● **PROBLEM**
Use the entries below and reproduce exactly the lines from the one containing "Sportschoenen maat 37, Sport" down to the one containing "2023 Hyundai Venue", both of them included.

● **GIVEN ENTRIES**

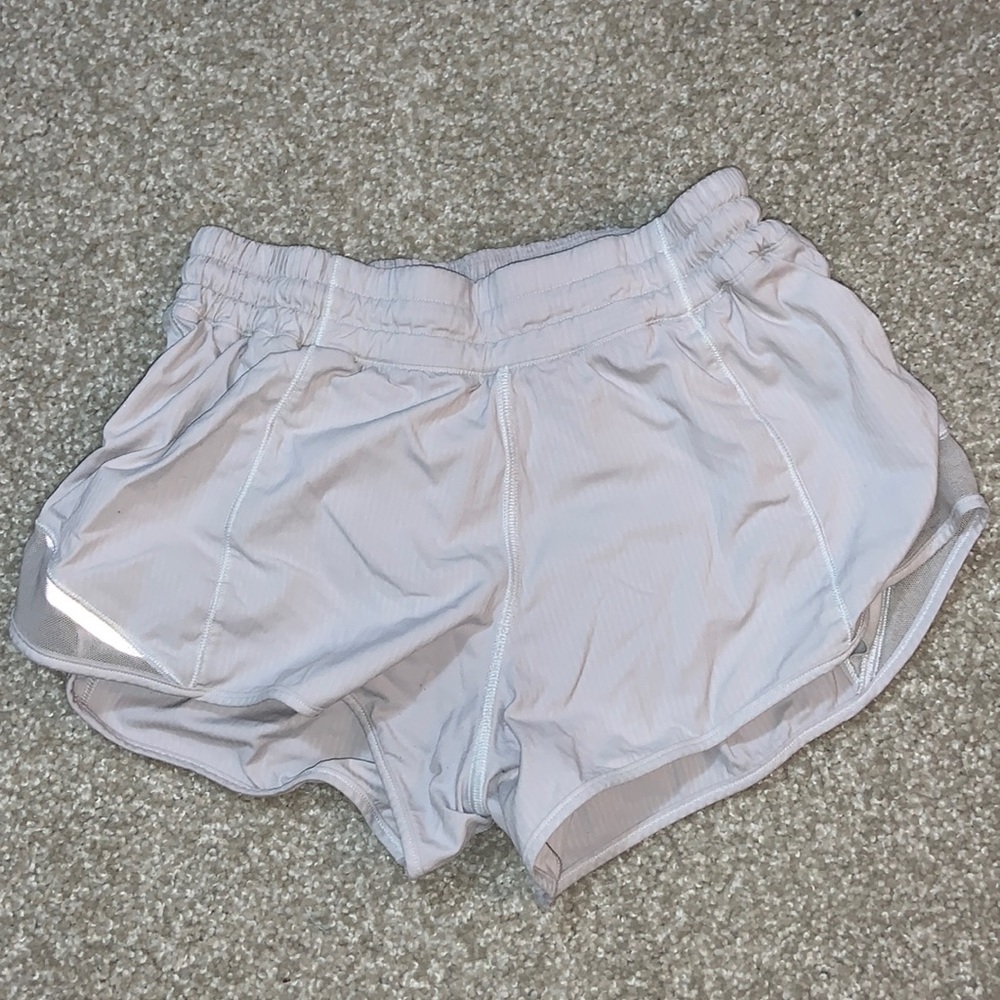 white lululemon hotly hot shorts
...
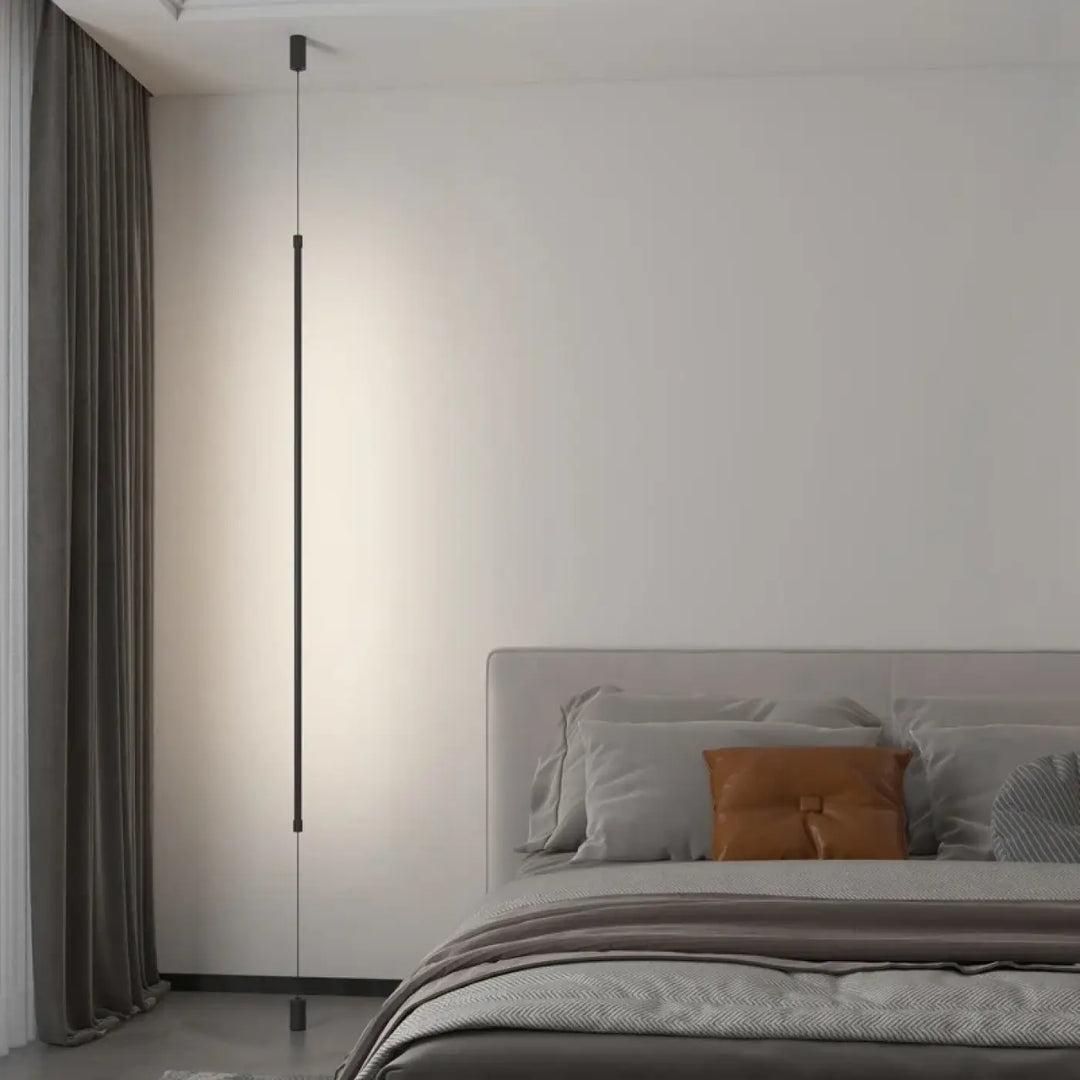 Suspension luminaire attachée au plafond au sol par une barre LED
* * *
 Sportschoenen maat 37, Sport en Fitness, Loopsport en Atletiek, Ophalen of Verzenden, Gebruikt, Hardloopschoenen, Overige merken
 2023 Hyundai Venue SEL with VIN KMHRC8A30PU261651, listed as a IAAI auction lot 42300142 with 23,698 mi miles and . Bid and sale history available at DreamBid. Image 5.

● **FINISHED EXERCISE**
 Sportschoenen maat 37, Sport en Fitness, Loopsport en Atletiek, Ophalen of Verzenden, Gebruikt, Hardloopschoenen, Overige merken
 2023 Hyundai Venue SEL with VIN KMHRC8A30PU261651, listed as a IAAI auction lot 42300142 with 23,698 mi miles and . Bid and sale history available at DreamBid. Image 5.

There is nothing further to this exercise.